Through the coded figure of snakes, Hockney‘s work is an unapologetic engagement with homoerotic desires veiled behind phallic imagery at a time when sex between men was still illegal in England. This clandestine sensuality was expressed in Hockney’s early works such as Love Paintings, which evoked homosexual passion through mock anonymity and subtle references that alluded to male love. The image of the snake a powerful symbol of Hockney’s inner sexual desires, not only due to its phallic connotations, but also because it was also inspired by his then-lover Mark Berger, who kept snakes as pets. Hockney would later also borrow inspiration from Mark in his work Jungle Boy (1964), an etching that depicted an extremely hirsute man gazing intimately at a large snake.

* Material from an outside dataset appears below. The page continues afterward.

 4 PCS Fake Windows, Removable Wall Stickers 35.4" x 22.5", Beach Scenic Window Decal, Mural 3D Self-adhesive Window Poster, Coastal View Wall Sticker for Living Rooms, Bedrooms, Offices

The snake served as a powerful tool with which Hockney could test the bounds of painting, not only through its sexual undertones, but also through its stylistic versatility. Inspired by Picasso’s 1960 retrospective at the Tate, Hockney began to conceive style as an element that could be played with and even mocked. For the artist, this did not only necessitate a demonstration of versatility, but also an ability to mimic his contemporaries, in order to undermine their very premises. In the same year as 3 Snakes, Hockney submitted four works for the exhibition Young Contemporaries in London, all of which displayed stylistic multiplicity through illusionism and flatness, representing the processes available to the medium of paint. “I was conscious of the current ideas about painting. For instance flatness: flatness was something that people really talked about then and I was interested in” (David Hockney cited in: Nikos Stangos, Ed., David Hockney by David Hockney, London 1976, p. 88).

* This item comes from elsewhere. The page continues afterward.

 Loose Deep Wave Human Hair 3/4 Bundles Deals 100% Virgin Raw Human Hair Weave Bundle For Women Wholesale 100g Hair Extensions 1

3 Snakes both inherits and parodies the post-painterly abstraction of artists like Morris Louis and Kenneth Noland – the rivulets of paint on unprimed canvas mimic Louis, while the concentric circles and inverted-V shapes, mock Noland’s chevrons. In the process, it tests the bounds of representation and illusion, cunningly appearing like decoration on canvas, as the depicted flatness of the snakes fuse with the literal flatness of the canvas. Through this seminal work, Hockney revitalises the practice of paint by addressing the very basics of art, bringing his snakes to life at a moment when the death of painting had been proclaimed.